Marilyn Manson looks super evil... Actually he's a pretty solid guy
      Many famous experiments have changed the entire way we think about evil. One occurred at Yale in 1964 and is known as The Milgram experiment. It measured the willingness of subjects to preform evil acts on an innocent person when an authority figure told them to. 

      This experiment required separating the teacher (a volunteer) and the learner (who was a paid actor) by putting them in different rooms, but still allowing them to communicate. Then the teacher then made the learner recite and remember word pairs. With each incorrect answer given, the teacher was instructed to give the learner an electric shock that increased with power for each wrong answer. The experiment was ended after the maximum 450 volt shock was administered three times, or if the teacher refused to continue after receiving these four prompts from the experimenter.

Please continue

The experiment requires that you continue

It is absolutely essential that you continue

You have no other choice, you must go on

This is how the experiment worked
      So how many administered the excruciating 450 volt shock three times to max out the experiment and end it? Five percent? Maybe ten percent? Or even as high as twenty-five percent of participants? No, a staggering 61-65% of participants administered what they believed to be the maximum shock on their innocent peer three times. These numbers barely changed, even when the experiment was moved from Yale’s respectable campus to a back room of an office building in an inner city.

      Now, what can this experiment tell us about the nature of evil? It seems to point to a truth that is sickening but entirely logical. Almost every one of us has the ability to become the inflicter of pain and torment on another human.
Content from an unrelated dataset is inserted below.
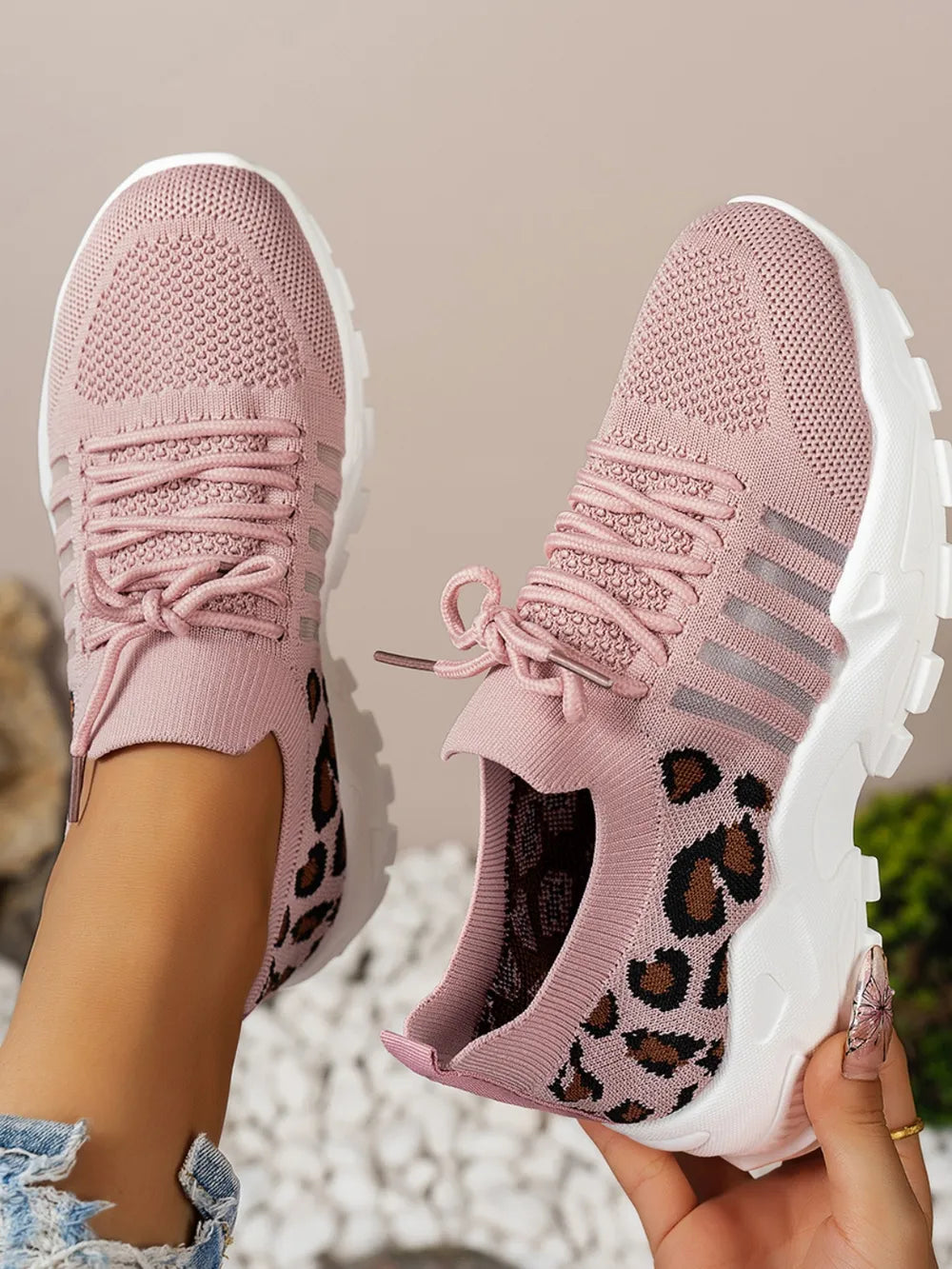 Mesh Athletic Shoes Cutout Leopard Lace Up Mesh Athletic Shoes – Leopard Athletic Shoes
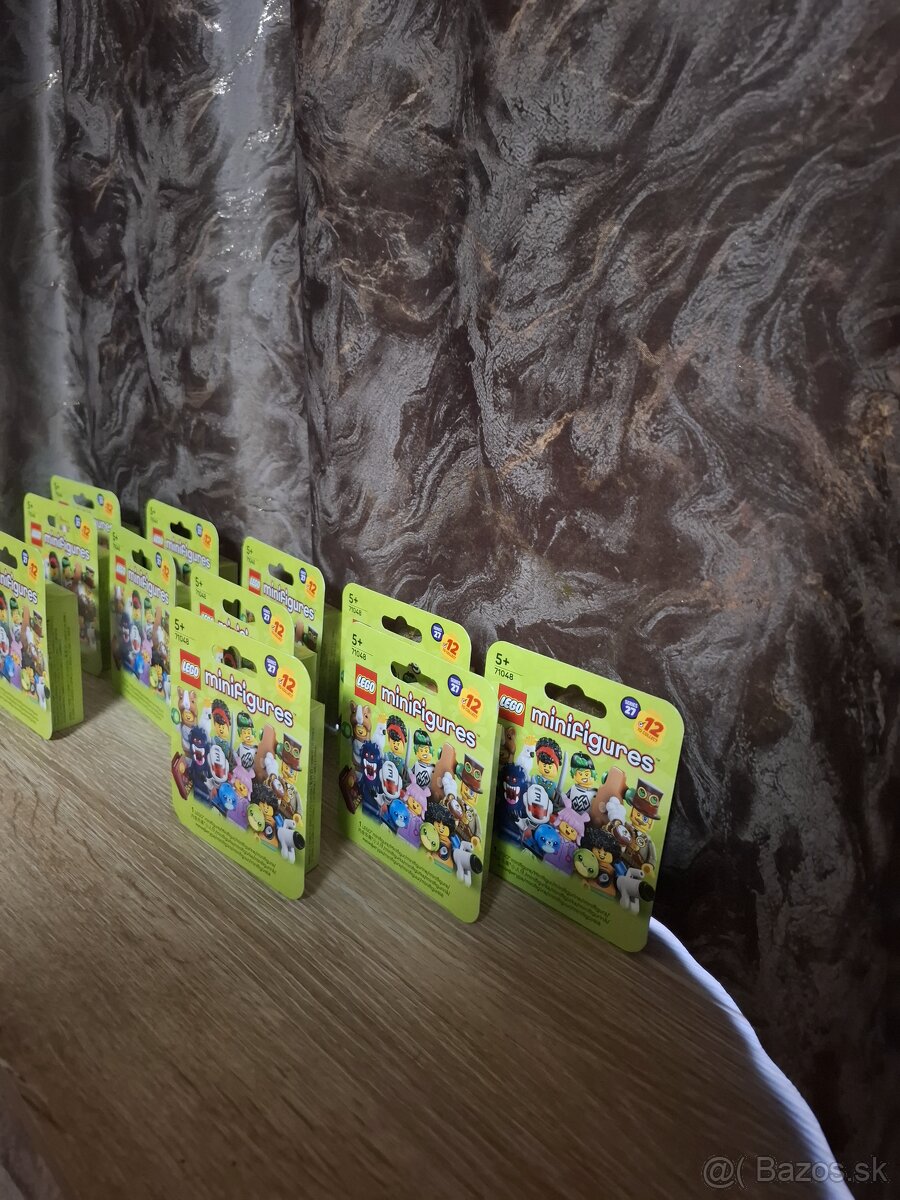 LEGO 71048 minifigurky kompletní 27. série 11ks - 2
It seems that the perceived good or evil in a person has much more to do with that person’s situation than their personal morality. 

I'll spare you the graphic pictures,
this one says it all
      It is this thought that makes heinous acts like genocide all the more terrifying; the people committing them are not all horrible twisted psychopaths. Maybe some are just cogs in a larger psychopathic machine. This means that all that would be required to get large numbers of normal people to commit abhorrent crimes against humanity would be a few horrible people in power with the intelligence and charisma to create the system. This makes a lot of sense when you think of the holocaust. I'm sure many other genocides also fall into this pattern.

      So tell me, how does this banality of evil apply in our world? From brutal dictators, to religious extremists, to soldiers who carry out war crimes; they can all be seen as evil. Is there a way to stop this, or is it simply a part of human nature? 

      I hope that through more experiments and advances in science, we will be able to one day understand and eradicate the evil in the world.